SOURCE DATA –
..............................
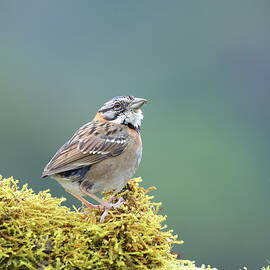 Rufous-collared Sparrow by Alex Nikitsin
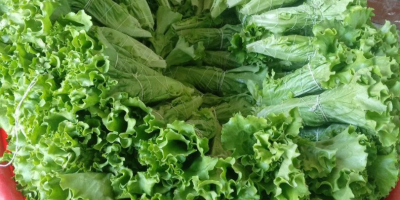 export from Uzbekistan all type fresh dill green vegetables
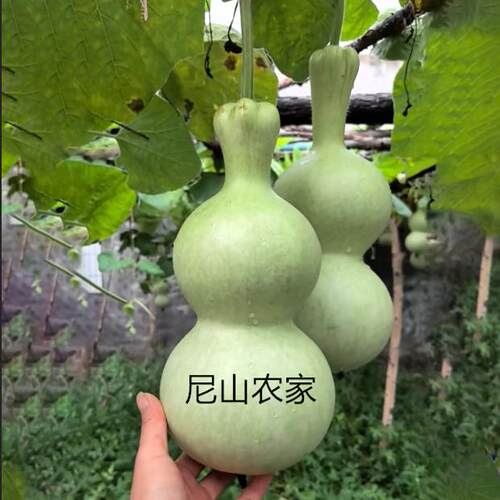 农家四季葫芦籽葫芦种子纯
..............................
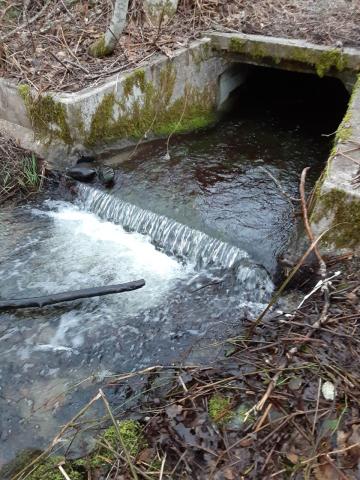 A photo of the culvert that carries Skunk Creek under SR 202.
..............................
TO DO – Look back at the data above, then output exactly the lines from the line holding "Rufous-collared Sparrow by Alex Nikitsin" up to and including the line holding "农家四季葫芦籽葫芦种子纯". Leave out the pictures.

TASK ANSWER –
 Rufous-collared Sparrow by Alex Nikitsin
 export from Uzbekistan all type fresh dill green vegetables
 农家四季葫芦籽葫芦种子纯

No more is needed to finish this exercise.